__Dataset records__
◇ ◇ ◇

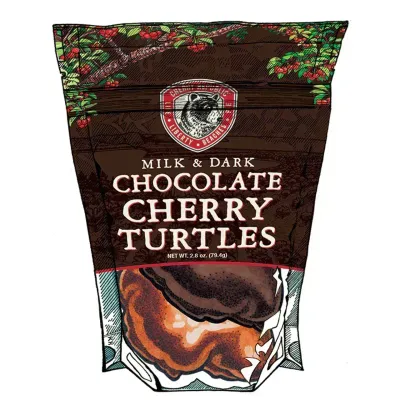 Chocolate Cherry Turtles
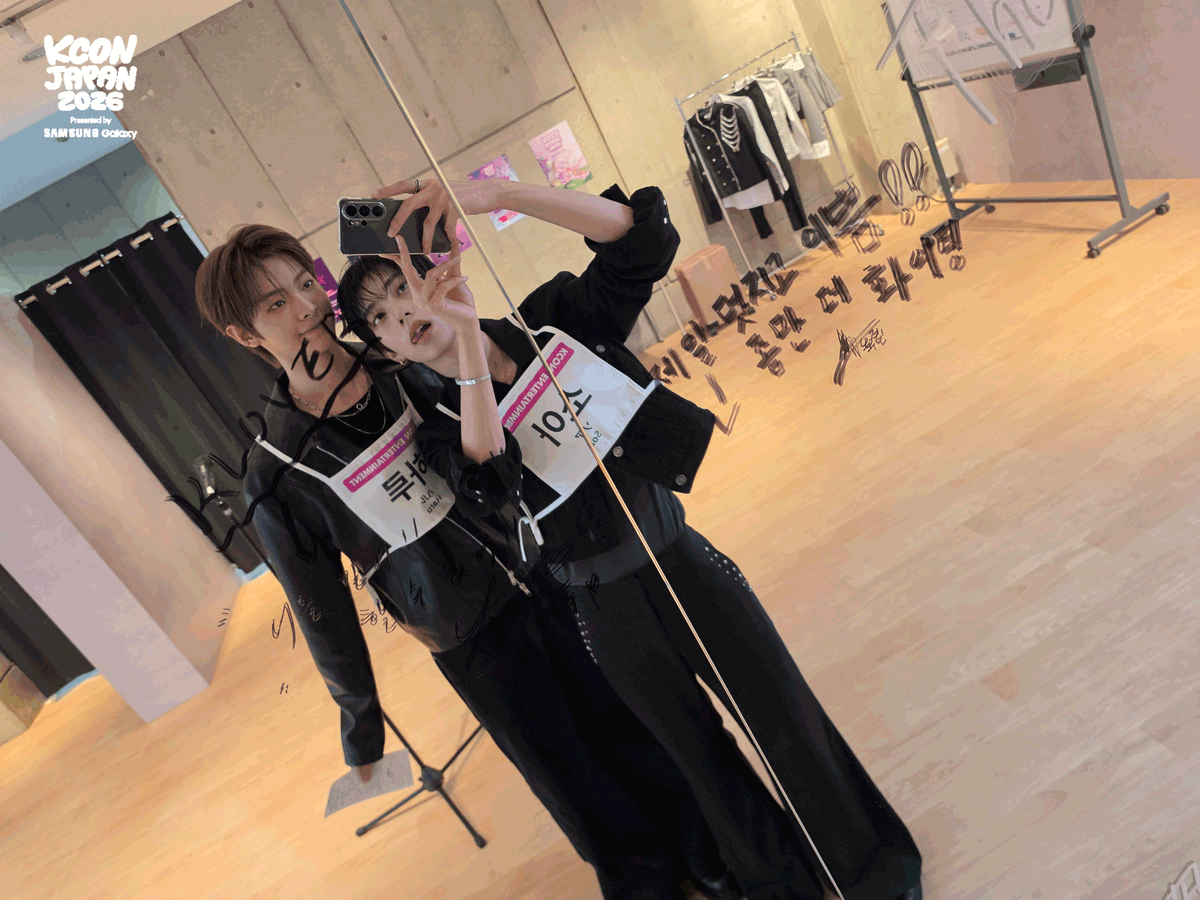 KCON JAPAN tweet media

◇ ◇ ◇

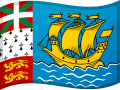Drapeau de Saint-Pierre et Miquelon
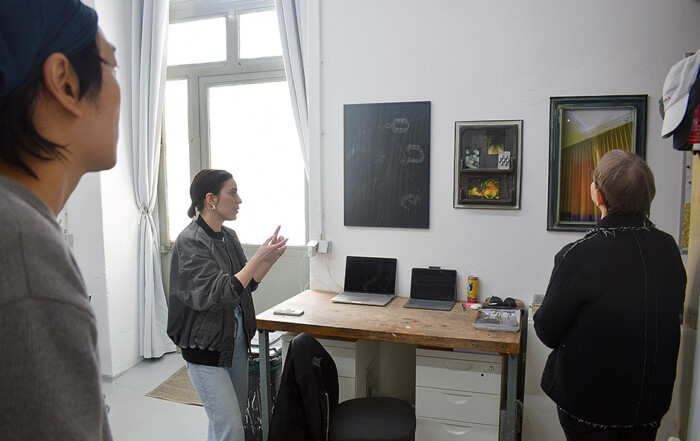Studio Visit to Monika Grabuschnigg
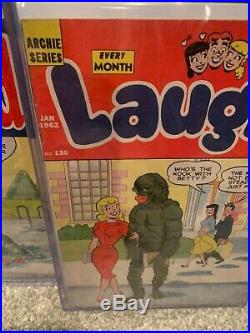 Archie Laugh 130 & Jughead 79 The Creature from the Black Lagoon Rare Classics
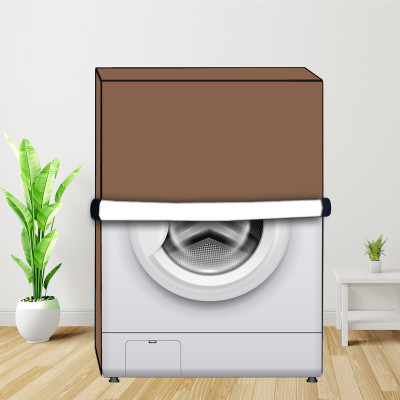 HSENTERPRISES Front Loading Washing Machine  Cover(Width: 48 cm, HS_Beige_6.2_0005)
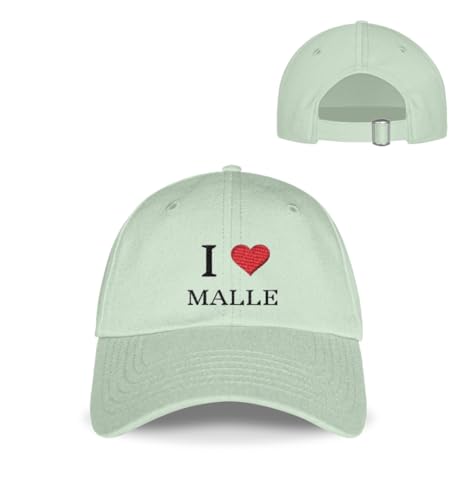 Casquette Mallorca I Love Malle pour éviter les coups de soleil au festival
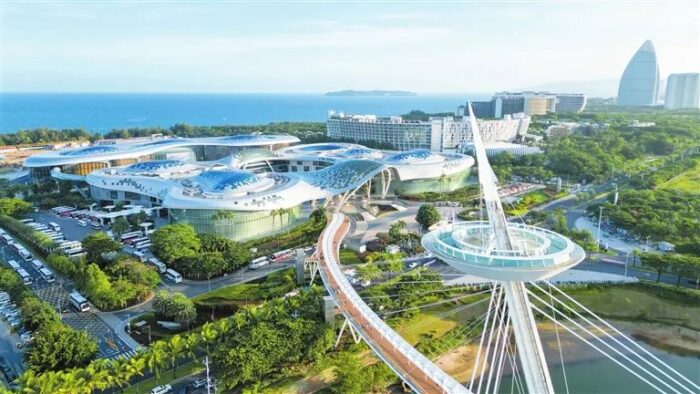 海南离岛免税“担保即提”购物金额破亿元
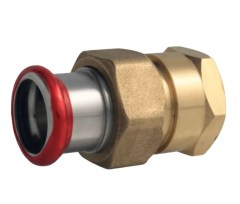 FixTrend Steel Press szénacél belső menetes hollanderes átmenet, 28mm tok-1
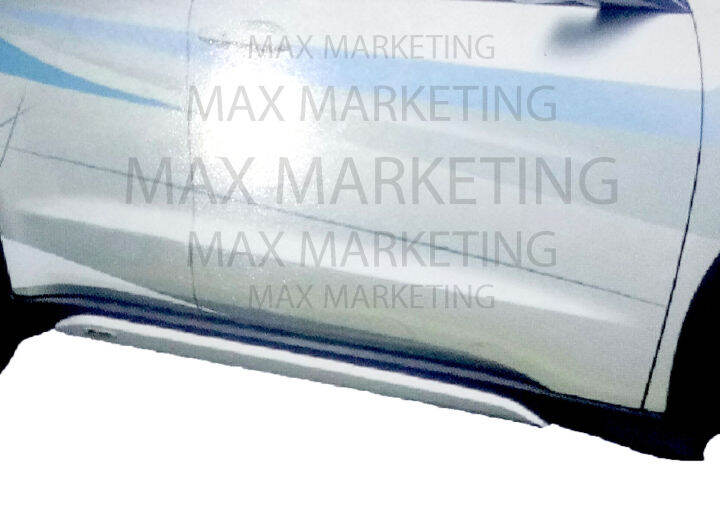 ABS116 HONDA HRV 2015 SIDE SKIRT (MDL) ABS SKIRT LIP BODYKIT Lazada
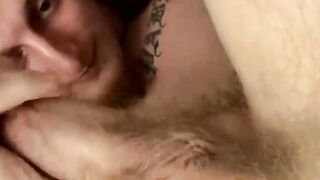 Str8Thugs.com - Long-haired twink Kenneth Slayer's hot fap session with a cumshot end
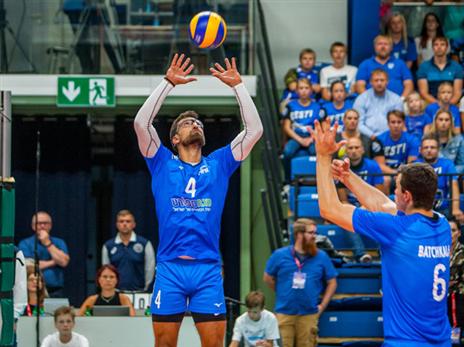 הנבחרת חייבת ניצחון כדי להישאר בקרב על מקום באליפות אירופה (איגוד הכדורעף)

◇ ◇ ◇

__Exercise__
Return exactly the part of the listing above that opens with the line containing "Casquette Mallorca I" and closes with the line containing "הנבחרת חייבת ניצחון". Pictures stay out.

__Exercise answer__
 Casquette Mallorca I Love Malle pour éviter les coups de soleil au festival
 海南离岛免税“担保即提”购物金额破亿元
 FixTrend Steel Press szénacél belső menetes hollanderes átmenet, 28mm tok-1
 ABS116 HONDA HRV 2015 SIDE SKIRT (MDL) ABS SKIRT LIP BODYKIT Lazada
 Str8Thugs.com - Long-haired twink Kenneth Slayer's hot fap session with a cumshot end
 הנבחרת חייבת ניצחון כדי להישאר בקרב על מקום באליפות אירופה (איגוד הכדורעף)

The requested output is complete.